LLM (Large Language Model) — text only. You feed it text, it outputs text. GPT-4, Claude, Qwen — all LLMs. They can reason, plan, and write code, but they know nothing about the physical world. They have no idea how heavy a cup is or where the edge of the table is.

VLM (Vision-Language Model) — images + text. Show it a photo and ask "what's on the table?" and it answers "a red cup and a book." GPT-4o, Qwen-VL — these are VLMs. They can "see," but they can't "act." Their output is still text.

VLA (Vision-Language-Action) — images + text + action output. Feed it the robot's camera stream and an instruction like "put the red cup on the left," and it directly outputs how the robot's joints should move. This is the real closed loop from perception to action.

The underlying idea is the same across all three: use the Transformer architecture to unify different modalities. LLMs turn text into token sequences. VLMs add image tokens. VLAs encode robot actions as tokens too — joint angles and end-effector positions get discretized into a sequence of "action tokens" and trained alongside text and image tokens in the same model.

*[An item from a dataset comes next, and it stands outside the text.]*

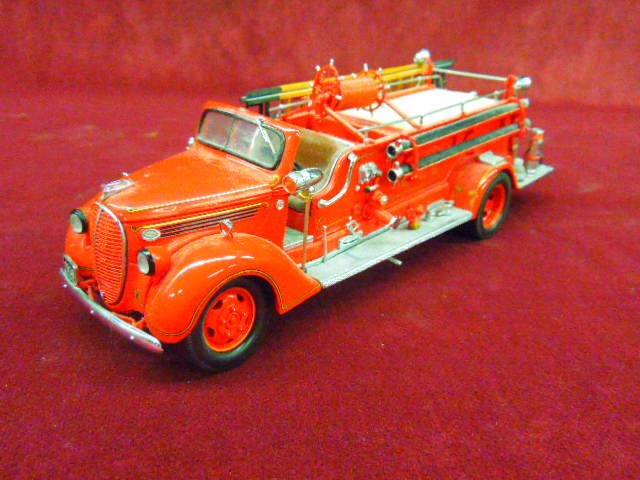 Model 1938 Fire Truck: Franklin Mint Precision Model 1938 Fire Truck. CONDITION: Some wear from age minor parts may be missing from vehicle.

RT-2 architecture: co-fine-tuning internet VQA data and robot action data into a single VLA model — The core idea behind RT-2 — co-fine-tuning internet visual QA data with robot action data, so the same model can both "describe images" and "output actions." Source: Google DeepMind

This idea was first validated by Google DeepMind's RT-2 in 2023. RT-2 fine-tuned a large-scale VLM (PaLI-X) to represent robot actions as text tokens (like "1 128 91 241 5 101 127"), having the model "speak" actions the same way it speaks language. The results were striking: the model could not only execute tasks seen during training but showed genuine generalization — for instance, correctly handling a never-before-seen object when given the instruction "move the smallest object aside."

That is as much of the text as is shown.